(Data records)
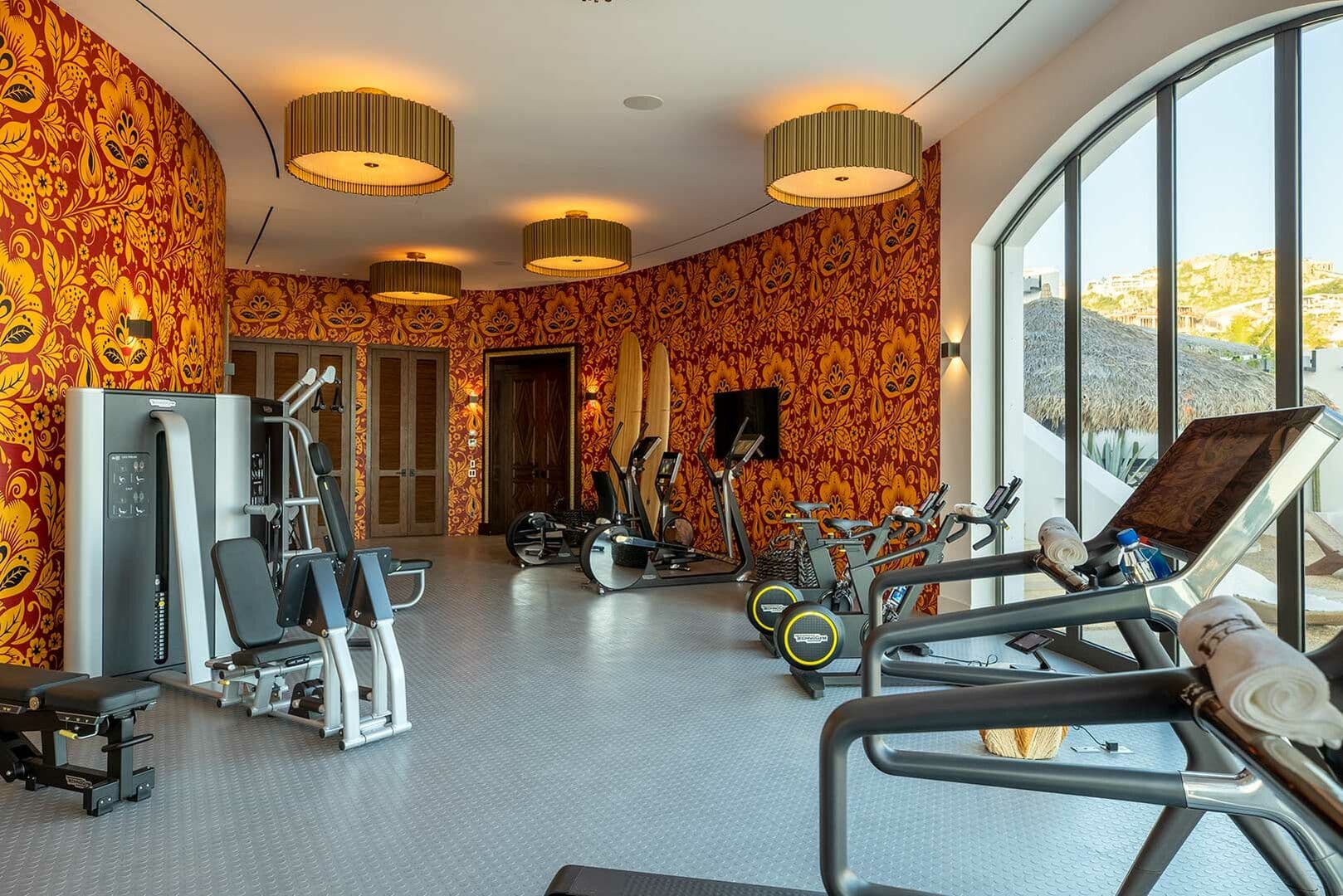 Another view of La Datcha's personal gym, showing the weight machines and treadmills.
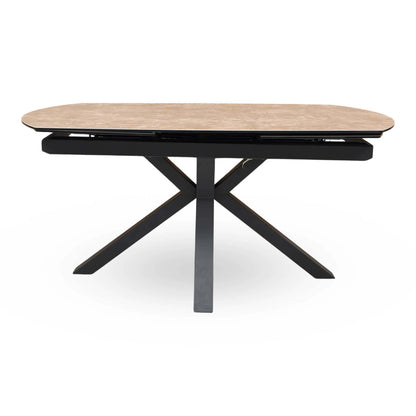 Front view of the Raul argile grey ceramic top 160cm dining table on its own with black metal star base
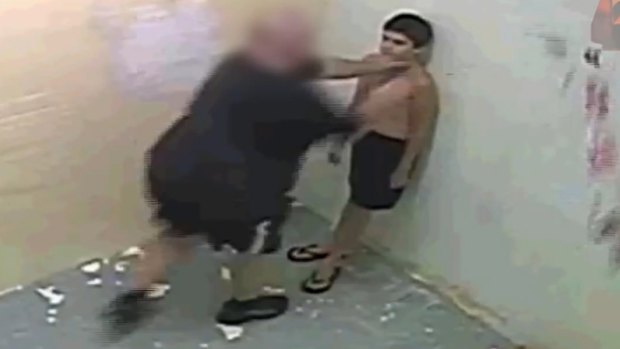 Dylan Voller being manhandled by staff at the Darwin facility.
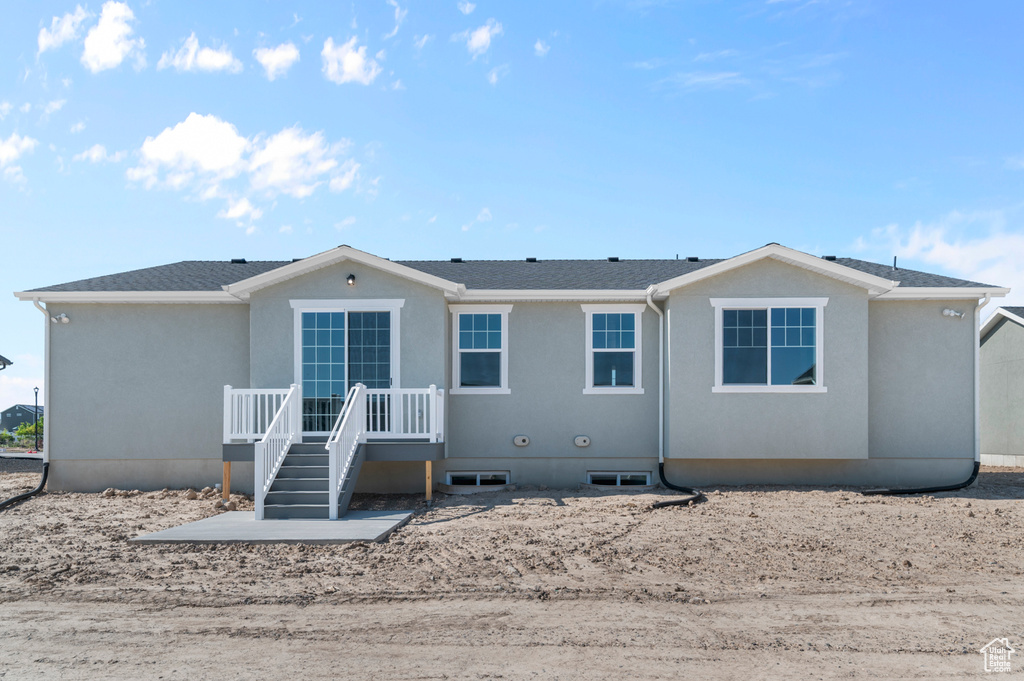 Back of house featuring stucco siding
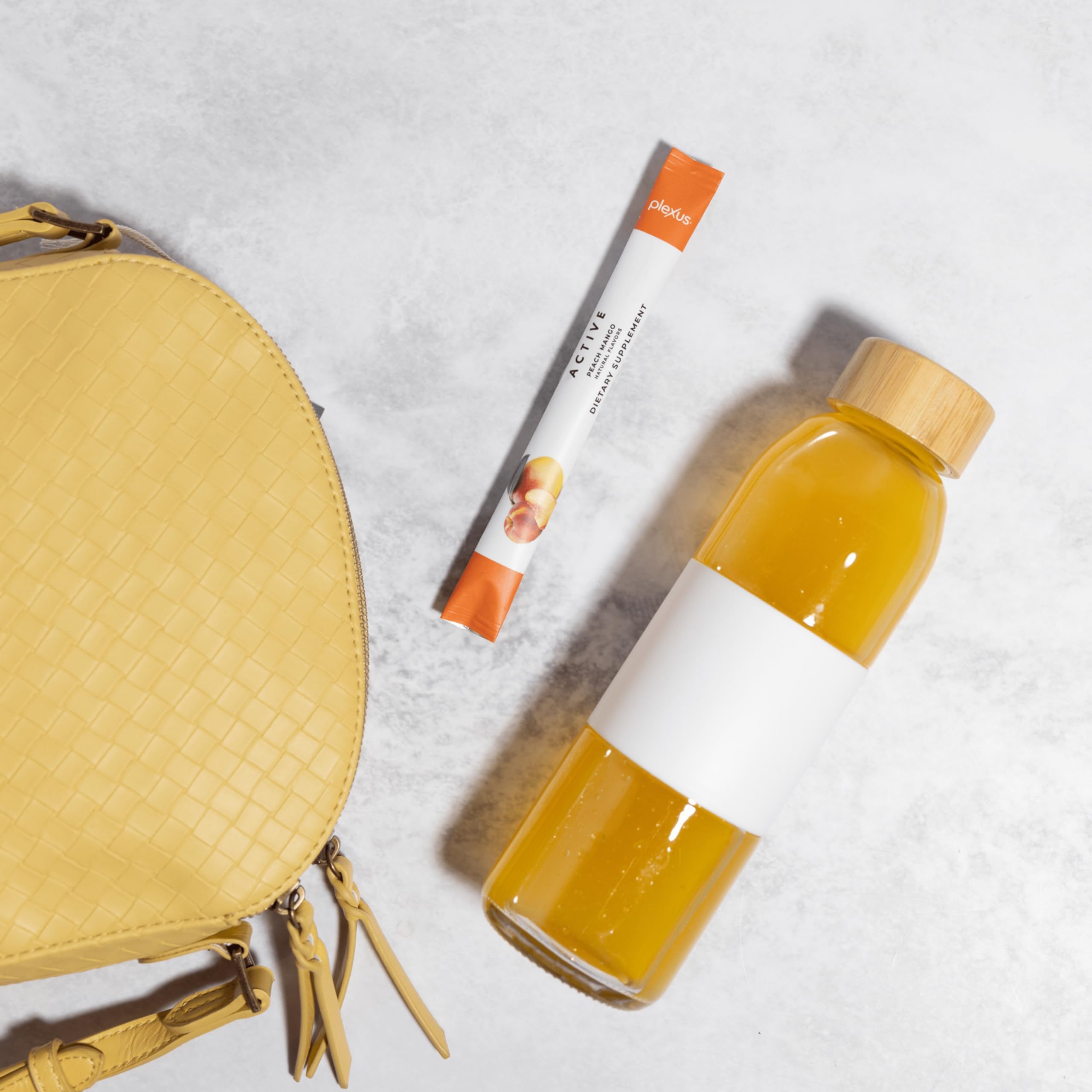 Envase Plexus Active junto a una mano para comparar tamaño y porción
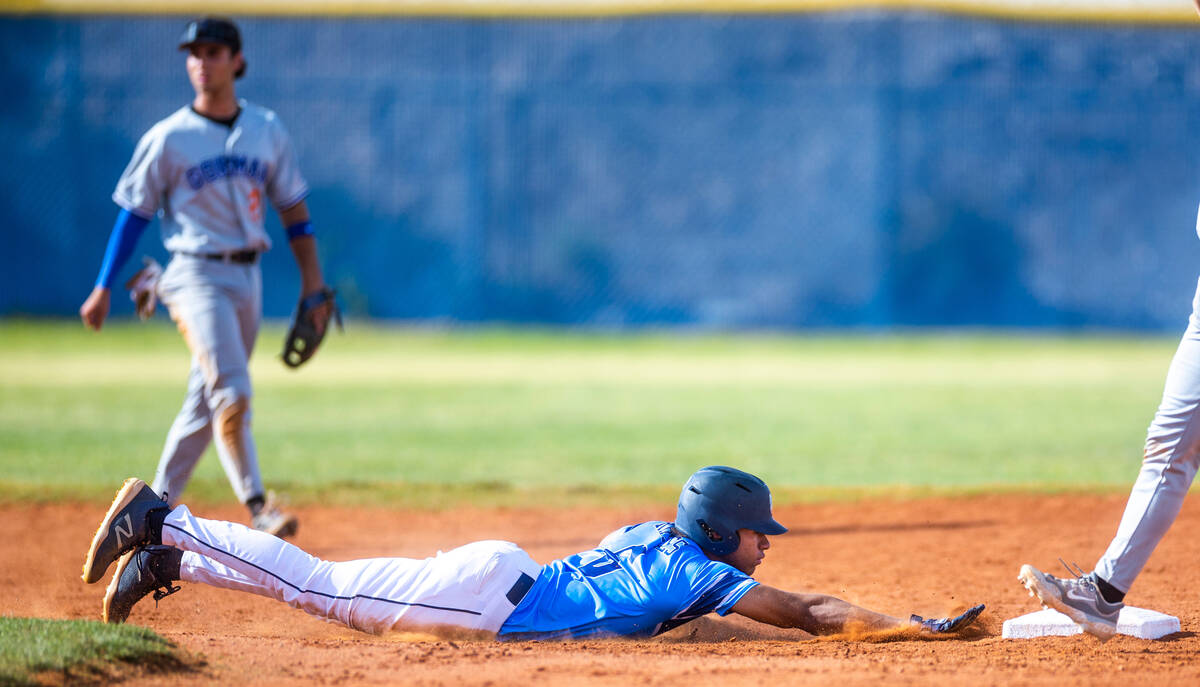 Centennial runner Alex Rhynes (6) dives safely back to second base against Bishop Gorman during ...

How to complete this task: A faithful copy of all the lines above is needed, with the pictures omitted.

Written reply:
 Another view of La Datcha's personal gym, showing the weight machines and treadmills.
 Front view of the Raul argile grey ceramic top 160cm dining table on its own with black metal star base
 Dylan Voller being manhandled by staff at the Darwin facility.
 Back of house featuring stucco siding
 Envase Plexus Active junto a una mano para comparar tamaño y porción
 Centennial runner Alex Rhynes (6) dives safely back to second base against Bishop Gorman during ...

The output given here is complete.